The Day I Swapped My Dad for Two Goldfish
- Author: Neil Gaiman
- Illustrator: Dave McKean
- Language: English
- Genre: Children's
- Publisher: White Wolf Publishing, Harper Children's
- Publication date: 1997
- Publication place: United States
- Media type: Hardcover
- Pages: 40
- ISBN: 1-56504-199-2

= The Day I Swapped My Dad for Two Goldfish =

Book by Neil Gaiman

The Day I Swapped My Dad for Two Goldfish is a book by Neil Gaiman and Dave McKean, first published in 1997 by White Wolf Publishing. It was republished in 2004 by Harper Children's with a new cover and afterword. The story is a retelling of the old tale of an object that gets swapped from person to person, until the original owner needs it back—and then has to swap possessions back again, step by step, to retrieve it.

It is also available in Hebrew, Spanish, French, Italian, Croatian, and Portuguese.

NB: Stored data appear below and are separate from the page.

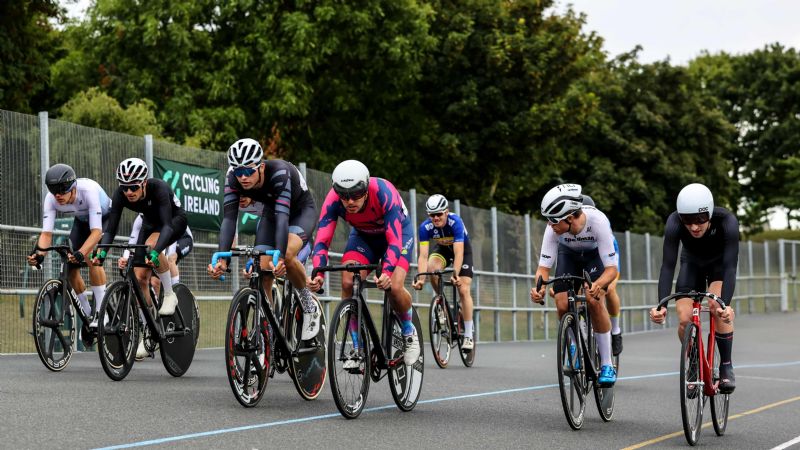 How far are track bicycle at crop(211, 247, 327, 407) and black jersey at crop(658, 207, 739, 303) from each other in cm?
265

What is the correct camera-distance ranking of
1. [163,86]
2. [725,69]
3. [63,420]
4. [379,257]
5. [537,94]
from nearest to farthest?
[63,420] → [379,257] → [163,86] → [537,94] → [725,69]

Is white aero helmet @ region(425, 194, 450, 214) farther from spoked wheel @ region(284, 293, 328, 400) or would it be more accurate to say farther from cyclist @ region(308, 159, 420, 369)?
spoked wheel @ region(284, 293, 328, 400)

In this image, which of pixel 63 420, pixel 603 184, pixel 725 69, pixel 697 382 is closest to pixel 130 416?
pixel 63 420

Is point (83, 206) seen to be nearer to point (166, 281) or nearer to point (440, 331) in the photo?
point (166, 281)

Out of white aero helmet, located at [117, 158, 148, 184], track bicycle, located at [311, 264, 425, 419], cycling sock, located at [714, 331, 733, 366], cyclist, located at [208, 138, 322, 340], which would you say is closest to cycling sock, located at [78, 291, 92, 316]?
white aero helmet, located at [117, 158, 148, 184]

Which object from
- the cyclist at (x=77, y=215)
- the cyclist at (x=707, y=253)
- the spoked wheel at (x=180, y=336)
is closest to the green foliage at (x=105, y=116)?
the cyclist at (x=77, y=215)

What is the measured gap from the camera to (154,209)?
456 inches

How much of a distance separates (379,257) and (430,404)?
140 centimetres

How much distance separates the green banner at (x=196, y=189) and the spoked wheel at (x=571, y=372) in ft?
26.7

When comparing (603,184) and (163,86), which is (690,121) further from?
(163,86)

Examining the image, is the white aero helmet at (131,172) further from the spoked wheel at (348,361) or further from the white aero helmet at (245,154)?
the spoked wheel at (348,361)

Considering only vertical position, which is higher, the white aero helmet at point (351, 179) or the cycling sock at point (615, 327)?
the white aero helmet at point (351, 179)

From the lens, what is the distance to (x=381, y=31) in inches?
1464

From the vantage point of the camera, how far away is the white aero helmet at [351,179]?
895 cm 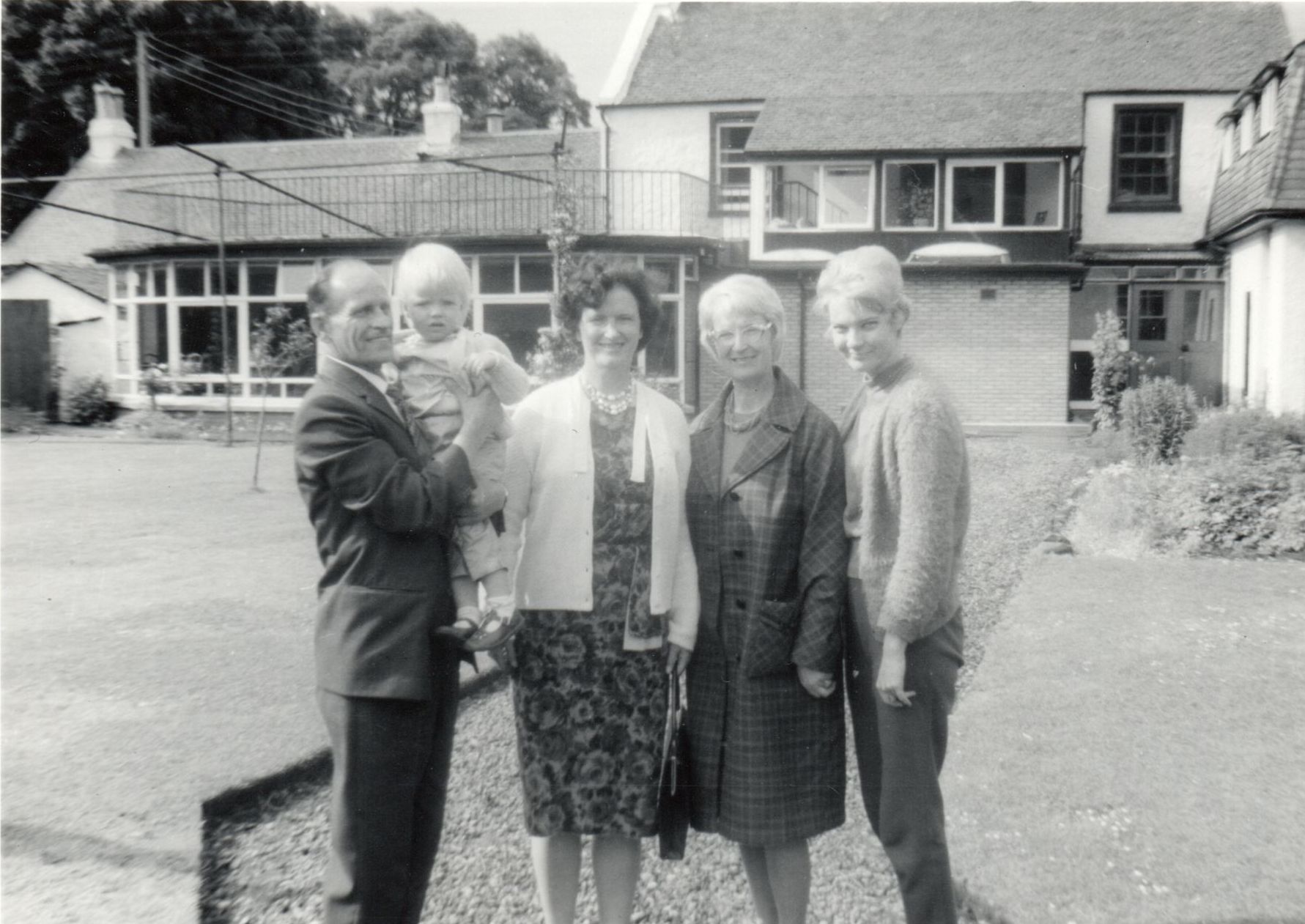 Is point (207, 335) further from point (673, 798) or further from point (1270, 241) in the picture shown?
point (673, 798)

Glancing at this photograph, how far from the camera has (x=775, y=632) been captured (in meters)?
3.22

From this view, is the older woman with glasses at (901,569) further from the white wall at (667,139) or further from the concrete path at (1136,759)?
the white wall at (667,139)

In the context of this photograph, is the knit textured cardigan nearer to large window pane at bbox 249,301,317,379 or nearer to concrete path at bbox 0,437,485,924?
concrete path at bbox 0,437,485,924

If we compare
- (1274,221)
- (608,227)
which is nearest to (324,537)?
(1274,221)

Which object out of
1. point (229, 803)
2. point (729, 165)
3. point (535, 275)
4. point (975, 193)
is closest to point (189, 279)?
point (535, 275)

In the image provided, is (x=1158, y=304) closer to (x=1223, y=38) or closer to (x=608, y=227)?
(x=1223, y=38)

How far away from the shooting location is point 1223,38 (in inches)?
907

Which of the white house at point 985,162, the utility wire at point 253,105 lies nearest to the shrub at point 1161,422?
the white house at point 985,162

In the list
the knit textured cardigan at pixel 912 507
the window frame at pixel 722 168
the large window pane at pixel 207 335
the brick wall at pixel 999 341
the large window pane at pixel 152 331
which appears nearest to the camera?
the knit textured cardigan at pixel 912 507

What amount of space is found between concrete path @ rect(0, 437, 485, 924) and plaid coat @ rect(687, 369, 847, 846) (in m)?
1.80

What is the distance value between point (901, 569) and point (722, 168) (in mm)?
22394

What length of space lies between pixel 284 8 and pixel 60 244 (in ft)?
45.3

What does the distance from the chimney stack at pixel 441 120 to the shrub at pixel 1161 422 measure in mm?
18319

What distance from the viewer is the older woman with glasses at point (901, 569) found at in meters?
2.95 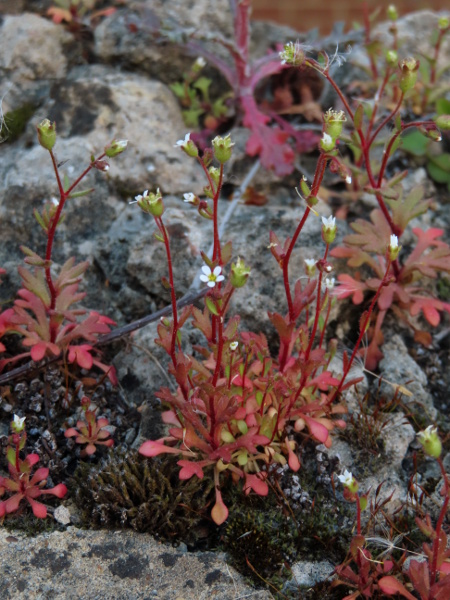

McKean adapted the cover artwork from The Day I Swapped My Dad for the 1999 Counting Crows album This Desert Life.

The book was adapted by Oliver Emmanuel and Lu Kemp for a touring interactive promenade production for the National Theatre of Scotland in 2013.

==Reception==
The book was well received, with positive reviews. It won awards for the Newsweek Best Children's Book (2003) and the British Science Fiction Association award for Short Fiction (1997).